MATERIAL SUPPLIED below:

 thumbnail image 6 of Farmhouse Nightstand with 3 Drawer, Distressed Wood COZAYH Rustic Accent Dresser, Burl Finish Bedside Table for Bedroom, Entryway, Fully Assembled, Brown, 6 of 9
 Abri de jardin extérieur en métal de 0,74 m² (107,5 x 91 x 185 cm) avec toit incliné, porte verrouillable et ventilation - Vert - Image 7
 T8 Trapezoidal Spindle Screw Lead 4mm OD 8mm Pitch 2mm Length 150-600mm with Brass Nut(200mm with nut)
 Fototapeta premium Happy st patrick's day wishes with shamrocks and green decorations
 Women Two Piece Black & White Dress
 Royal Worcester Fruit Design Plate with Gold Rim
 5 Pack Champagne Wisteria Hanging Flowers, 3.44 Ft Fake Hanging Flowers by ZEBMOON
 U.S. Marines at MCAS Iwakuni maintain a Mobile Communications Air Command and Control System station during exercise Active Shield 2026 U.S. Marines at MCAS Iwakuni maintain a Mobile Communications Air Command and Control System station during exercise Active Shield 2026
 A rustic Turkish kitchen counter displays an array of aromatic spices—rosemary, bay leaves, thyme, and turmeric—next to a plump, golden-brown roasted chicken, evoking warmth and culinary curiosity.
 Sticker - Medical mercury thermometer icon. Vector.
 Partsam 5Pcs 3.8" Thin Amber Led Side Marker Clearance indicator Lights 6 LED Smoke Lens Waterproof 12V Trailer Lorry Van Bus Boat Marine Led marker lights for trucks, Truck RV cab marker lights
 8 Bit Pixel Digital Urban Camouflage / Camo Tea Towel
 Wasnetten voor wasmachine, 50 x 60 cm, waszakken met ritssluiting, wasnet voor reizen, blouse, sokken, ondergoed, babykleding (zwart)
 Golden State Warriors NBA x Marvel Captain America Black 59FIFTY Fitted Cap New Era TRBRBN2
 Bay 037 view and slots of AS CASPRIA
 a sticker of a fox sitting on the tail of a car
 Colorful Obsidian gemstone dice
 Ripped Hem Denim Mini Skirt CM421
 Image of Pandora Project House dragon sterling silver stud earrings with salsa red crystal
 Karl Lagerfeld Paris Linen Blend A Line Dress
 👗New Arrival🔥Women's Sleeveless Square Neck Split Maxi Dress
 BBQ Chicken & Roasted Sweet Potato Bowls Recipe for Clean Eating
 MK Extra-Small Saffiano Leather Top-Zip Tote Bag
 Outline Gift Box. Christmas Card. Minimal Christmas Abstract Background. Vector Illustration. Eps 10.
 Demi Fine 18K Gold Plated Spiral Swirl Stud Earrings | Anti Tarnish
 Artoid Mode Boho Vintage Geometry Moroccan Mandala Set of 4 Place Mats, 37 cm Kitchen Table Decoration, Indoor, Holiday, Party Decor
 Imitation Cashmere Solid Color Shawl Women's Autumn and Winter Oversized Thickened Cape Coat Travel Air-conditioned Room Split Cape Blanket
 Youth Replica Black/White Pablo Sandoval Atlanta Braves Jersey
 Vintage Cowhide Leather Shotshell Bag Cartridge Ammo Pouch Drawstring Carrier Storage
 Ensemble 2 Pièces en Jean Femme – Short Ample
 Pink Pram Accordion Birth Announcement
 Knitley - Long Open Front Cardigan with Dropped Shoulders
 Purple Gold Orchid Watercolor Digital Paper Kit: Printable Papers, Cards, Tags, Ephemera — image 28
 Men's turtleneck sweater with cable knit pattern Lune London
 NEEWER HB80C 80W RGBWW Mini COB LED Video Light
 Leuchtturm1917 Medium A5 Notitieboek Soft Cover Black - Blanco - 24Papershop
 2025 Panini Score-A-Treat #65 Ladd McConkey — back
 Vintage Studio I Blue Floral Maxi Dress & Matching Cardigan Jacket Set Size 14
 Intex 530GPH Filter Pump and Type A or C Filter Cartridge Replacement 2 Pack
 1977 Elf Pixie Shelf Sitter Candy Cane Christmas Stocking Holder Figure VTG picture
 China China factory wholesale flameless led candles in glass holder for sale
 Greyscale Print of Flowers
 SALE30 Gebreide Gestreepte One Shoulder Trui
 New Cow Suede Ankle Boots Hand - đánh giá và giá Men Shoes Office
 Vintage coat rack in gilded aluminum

End of MATERIAL SUPPLIED.

**EXERCISE DIRECTIONS:**
Nothing but the lines from the one containing "Greyscale Print of Flowers" through the last line of the data above should be given again, each exactly as it stands.

**TASK SOLUTION:**
 Greyscale Print of Flowers
 SALE30 Gebreide Gestreepte One Shoulder Trui
 New Cow Suede Ankle Boots Hand - đánh giá và giá Men Shoes Office
 Vintage coat rack in gilded aluminum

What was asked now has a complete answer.